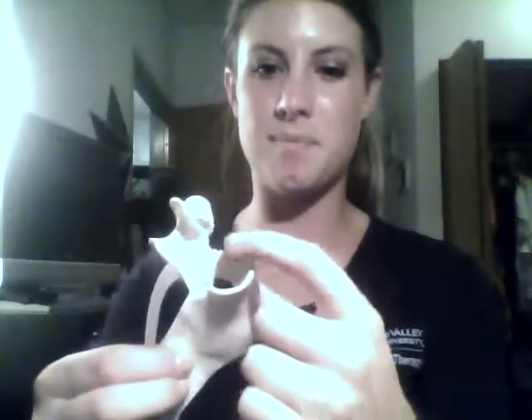There are three different parts that went into the splint. The first is this one around the thumb that goes into the palm and over the top of the hand. The second part is the index finger support, and the third part is the pen support — this little loop here.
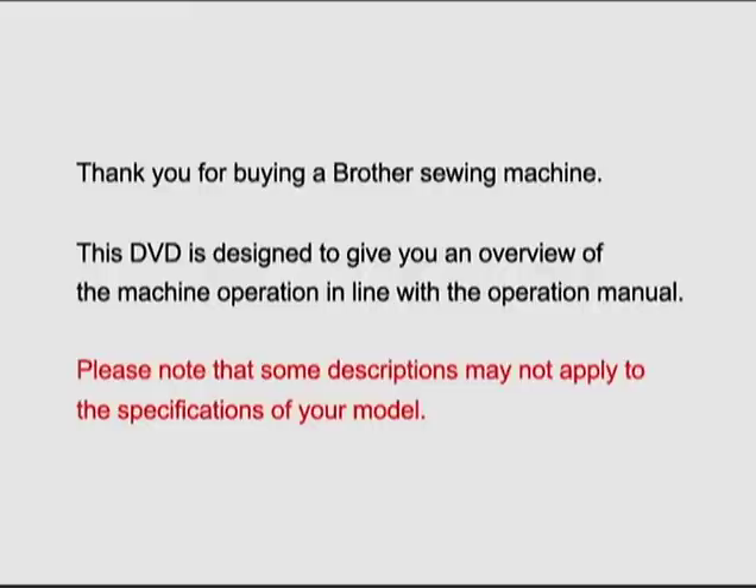Thank you for buying a Brother sewing machine. This DVD is designed to give you an overview of the machine operation in line with the operation manual. Please note that some descriptions may not apply to the specifications of your model.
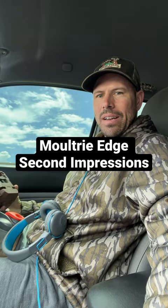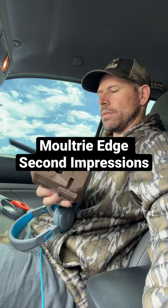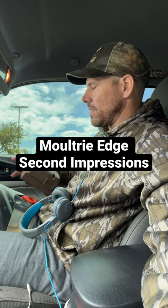Figured I'd give y'all a little second impressions video on these Moultrie Edge cameras. I've had these in the woods for a little while. Most of them I'm running alkalines — I don't think I've got anything under 80-85 percent — and they're in places that don't have really good service, so they're trying to pull a lot of signal.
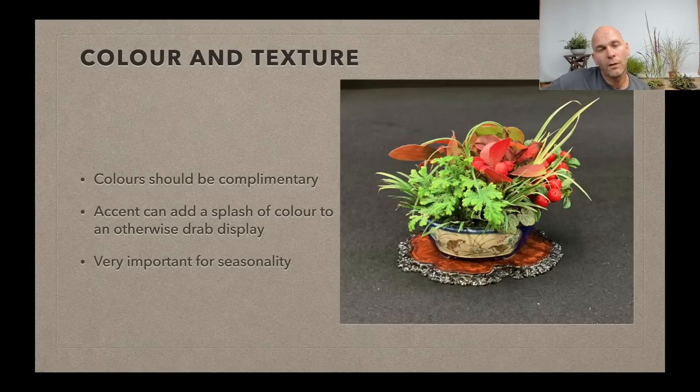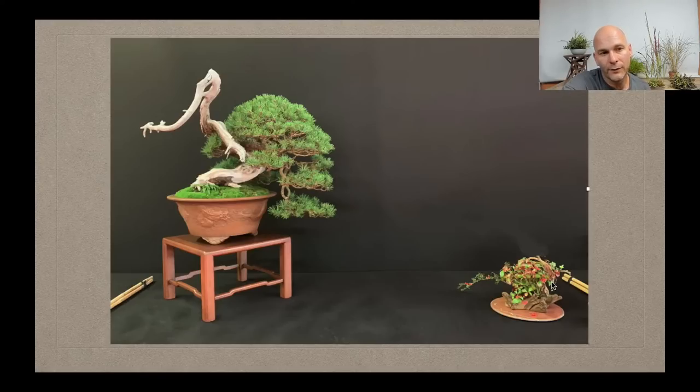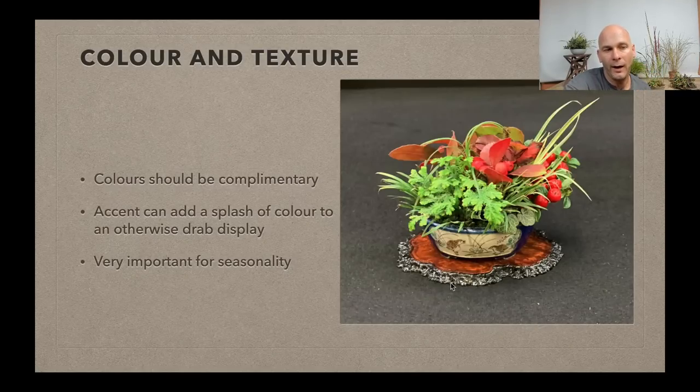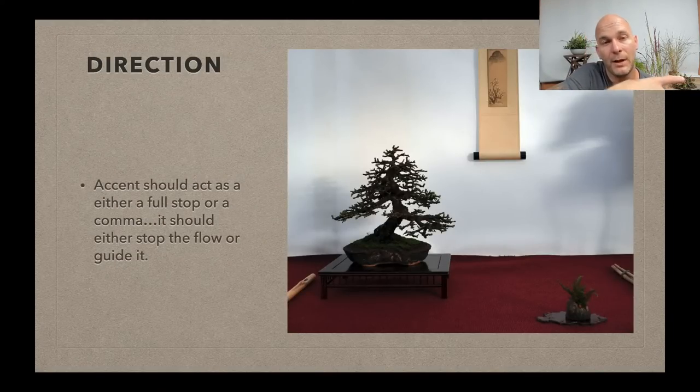Colors and textures are one area where accent plants should be used to their full advantage, particularly with evergreen trees. I can understand why someone used ivy with red autumnal leaves — there are red berries and dropping foliage there. In this example, a shohin accent plant was used at the same exhibition, giving that sense of late summer turning to early autumn with the berries and red leaves. That's a really good way of adding a splash of color and seasonality to a display — that's where the main purpose of accent plants really comes in.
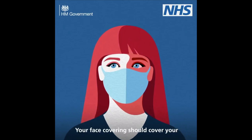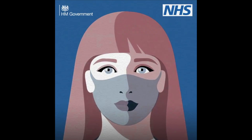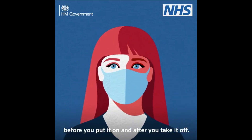Your face covering should cover your mouth and nose at all times, while allowing you to breathe comfortably. Wash your hands or use hand sanitiser before you put it on and after you take it off.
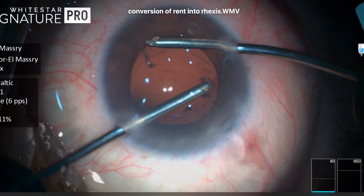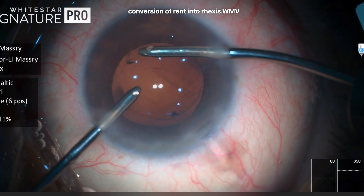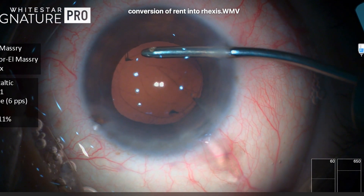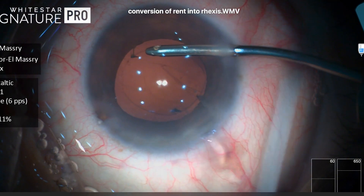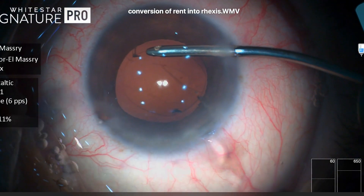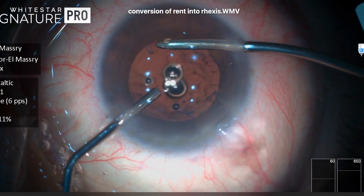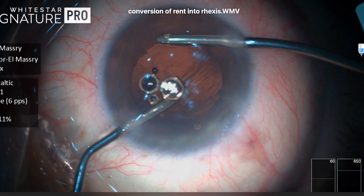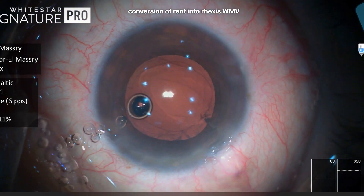It's not that obvious at first, but now it's obvious that there is a rent or a tear in the posterior capsule. So the first thing to do is to direct the irrigation upwards so that the current is in the anterior chamber, not pushing any fragments into the tear. Then I'm putting viscoelastic with the other hand, closing the irrigation, and removing the irrigation cannula outside.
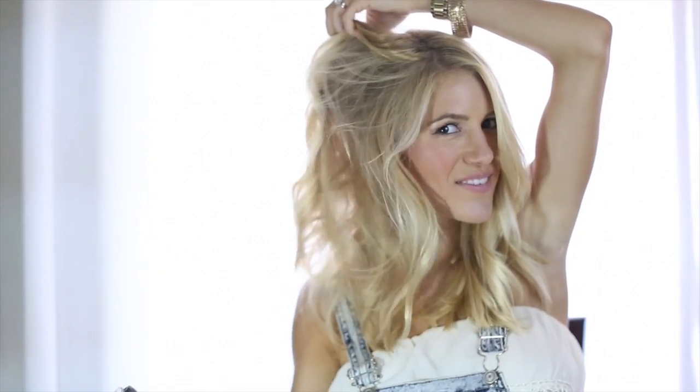Once your whole head is curled, take the Texture Takeover and spray it all over your hair. Make sure to coat all of the strands nice and evenly.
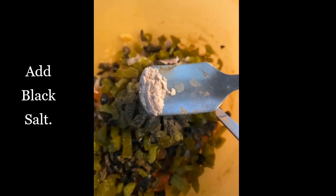...black salt to it. Now we will be mixing it well. It is super easy and tasty as well. Mix all the ingredients well and keep it aside.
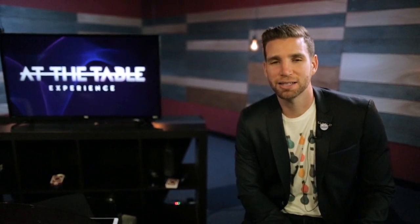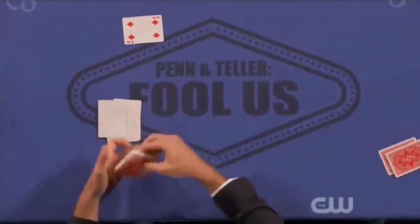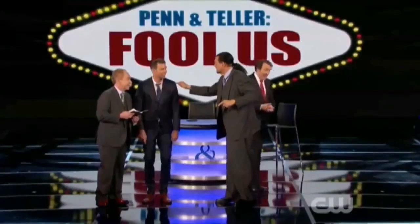Hello everybody, it's Joshua Jay and I'm back at the table. The last lecture I did was my standard lecture, but this is a much more intimate experience with unpublished material. At the end of the last lecture I performed but did not explain the trick I did on Fool Us that fooled Penn & Teller, called Out of Sight.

» **Exercise brief**
The copy must start at the line containing "Once your whole" and stop at the last line of the listing, both included, with every line exact and no pictures.

» **Exercise output**
Once your whole head is curled, take the Texture Takeover and spray it all over your hair. Make sure to coat all of the strands nice and evenly.
...black salt to it. Now we will be mixing it well. It is super easy and tasty as well. Mix all the ingredients well and keep it aside.
Hello everybody, it's Joshua Jay and I'm back at the table. The last lecture I did was my standard lecture, but this is a much more intimate experience with unpublished material. At the end of the last lecture I performed but did not explain the trick I did on Fool Us that fooled Penn & Teller, called Out of Sight.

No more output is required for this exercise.